1 O toque de Rosberg em Hamilton estragou a corrida do britânico. Aqui pode vê-lo numa luta pouco habitual com a Lotus, este ano a lutar pelos lugares do fundo da tabela 2 Evidenciando, novamente, uma maturidade impressionante para quem acaba de chegar à Red Bull e tem como companheiro de equipa o tetracampeão mundial Sebastian Vettel, Daniel Ricciardo fez uma corrida imaculada, somando a terceira vitória do ano e da carreira

Poder conhecer por dentro a ética de trabalho das equipas e a complexidade dos carros atuais, com baterias, cabos e sistemas de recuperação de energia a afunilarem ainda mais o motor foi uma experiência única e extremamente gratificante, mas as limitações deste bónus vão perdurar algum tempo na nossa memória. Afinal, como é que se supera o desgosto de não termos podido falar com o Adrien Newey, o Daniel Ricciardo, o Jean-Eric Vergne ou o Sebastian Vettel quando eles se encontravam mesmo à nossa frente?

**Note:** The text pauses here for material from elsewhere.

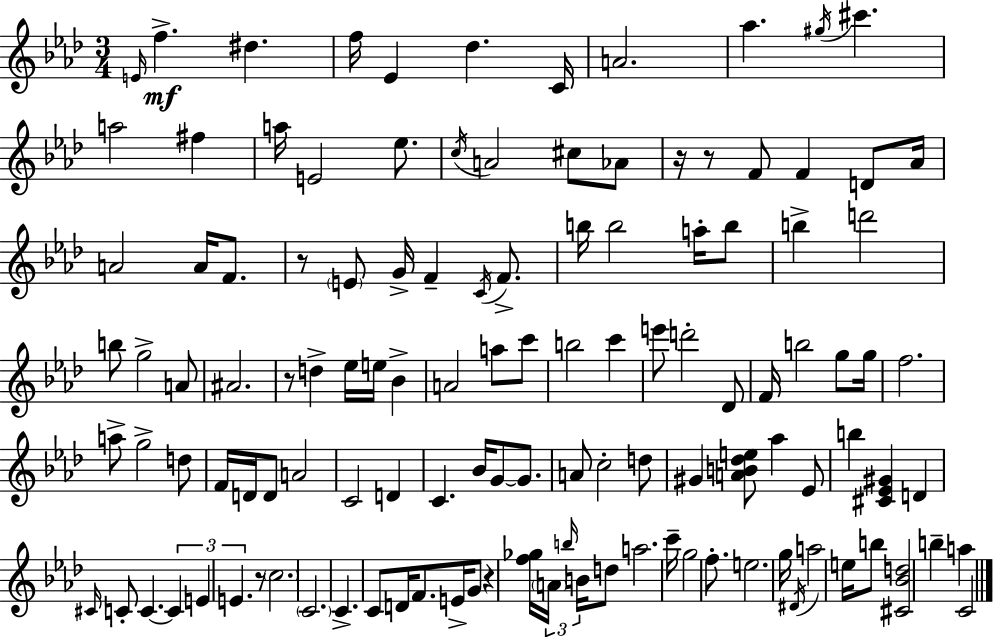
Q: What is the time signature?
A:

Felizmente tínhamos o nosso Raidillon para afogar as mágoas, mas não lhe vamos mentir: em casa o espetáculo é melhor. Quarenta e quatro voltas — a duração do GP deste ano — a ver carros a passarem no mesmo sítio pode tornar-se aborrecido, para mais quando não houve nenhum despiste e a chuva, após soltar uns avisos, decidiu abordar outras paragens. Apesar do ecrã gigante colocado em frente da bancada, só com uns binóculos se conseguia acompanhar minimamente o decorrer da corrida. De outra forma era impossível saber quem ia à frente de quem e que lutas estavam a suceder em pista. Também não lhe vamos dizer que o som é maravilhoso, porque não o é, ou que os carros são bonitos, porque não o são. Mas, mesmo com todos estes defeitos, a verdade é que a Fórmula 1 continua a ser uma montra tecnológica impressionante. A velocidade com que os monolugares atingem 300 km/h e a forma como curvam é própria de um míssil ou de um carro telecomandado. É uma coisa do outro mundo, tal como o Raidillon — na nossa opinião, o bocado de asfalto mais bonito da galáxia.